Rekordowe wyniki na Wall Street w lipcu

„`html
Imponujący wzrost S&P 500 oraz konsekwencje dla rynku
Po przekroczeniu poziomu 6300 punktów, zwyżka liczona od kwietniowego dołka, zwanego także „dniem wyzwolenia” przez Donalda Trumpa, osiągnęła już ponad 26% (licząc w cenach zamknięcia). Tak dynamiczny wzrost niesie jednak ze sobą pewne koszty dla inwestorów i uczestników rynku.
Wskaźnik ceny do prognozowanych zysków – aktualna sytuacja
Na zakończenie ubiegłego tygodnia, indeks S&P 500 charakteryzował się wskaźnikiem cena/zysk (P/E) powyżej 22. Oznacza to, że wartość tego wskaźnika wzrosła o ponad 20% względem 10-letniej średniej, do której zbliżyła się podczas kwietniowego spadku.
Z szerszej perspektywy, biorąc pod uwagę okres od jesieni ubiegłego roku, obserwowaliśmy już podobne poziomy wyceny. W takich warunkach na Wall Street częściej podejmowano decyzje o ograniczeniu ekspozycji na akcje niż o jej zwiększaniu.

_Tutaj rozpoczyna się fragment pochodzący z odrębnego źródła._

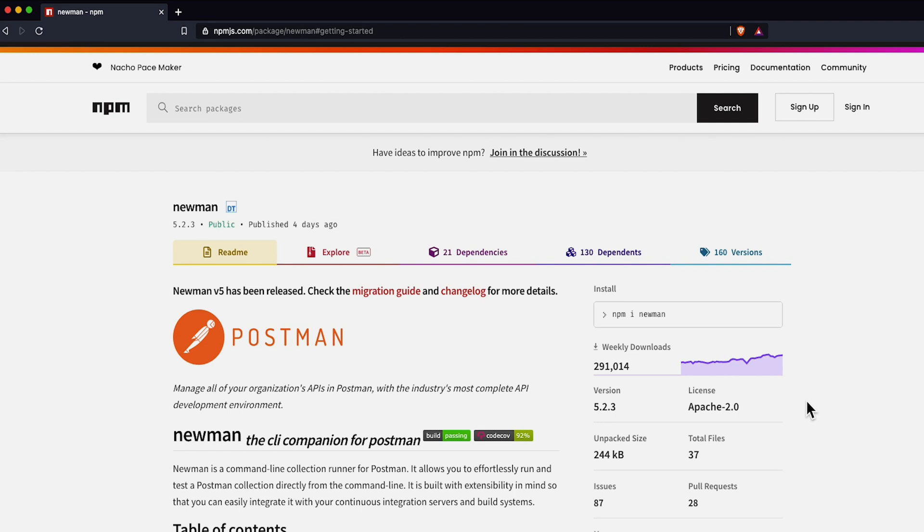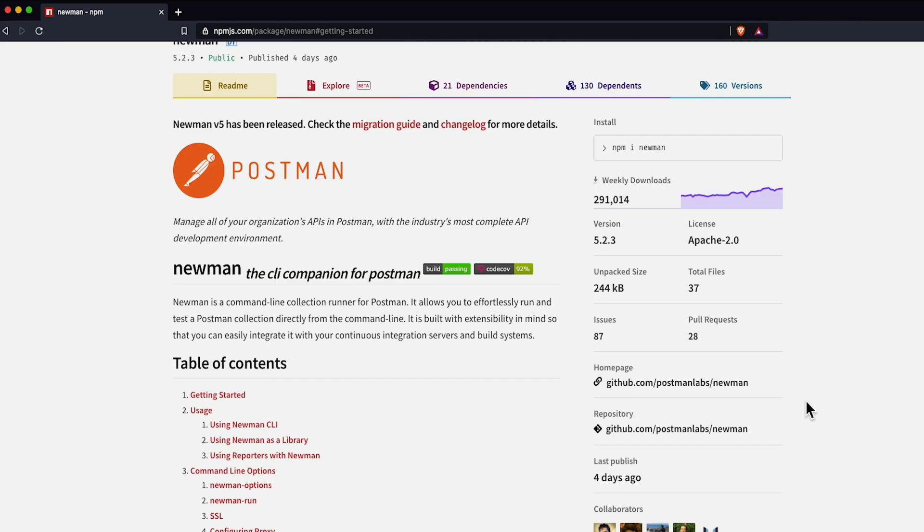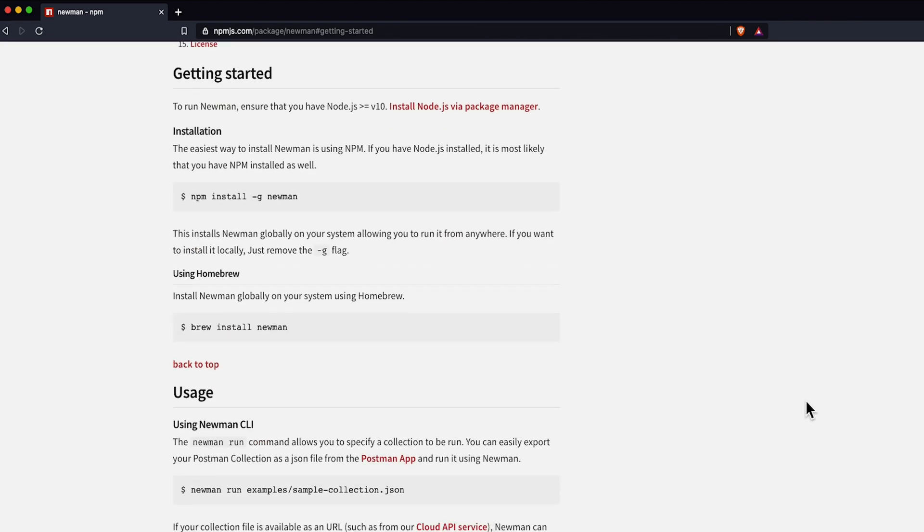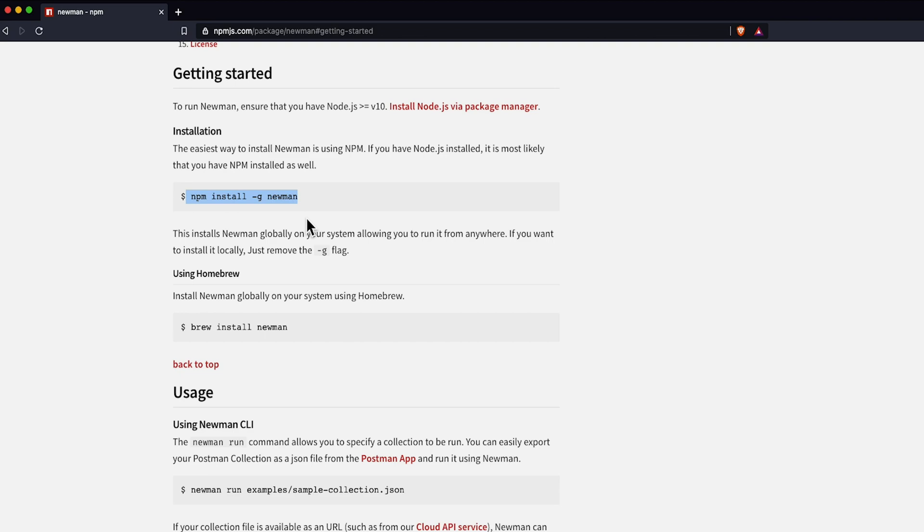To install Newman, first you need to ensure you have Node.js installed on the machine, then run the following command to globally install the package. Once installed, you're good to go.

Czynniki łagodzące wysoką wycenę akcji
Pewnym pozytywnym aspektem są obecnie poprawiające się prognozy zysków, zwłaszcza na nadchodzący rok. Jeszcze niedawno te przewidywania były konsekwentnie obniżane, co wpływało negatywnie na sentyment rynkowy.
Ostrzeżenia płynące z badań i nastroje na rynku
Sygnalizację potencjalnych zagrożeń przyniósł z kolei najnowszy sondaż Bank of America, przeprowadzony wśród zarządzających funduszami. Udział gotówki w portfelach tych zarządzających spadł poniżej 4%. Zgodnie z tzw. „regułą gotówkową” Bank of America, taki poziom oznacza formalny sygnał do wyprzedaży ryzykownych aktywów.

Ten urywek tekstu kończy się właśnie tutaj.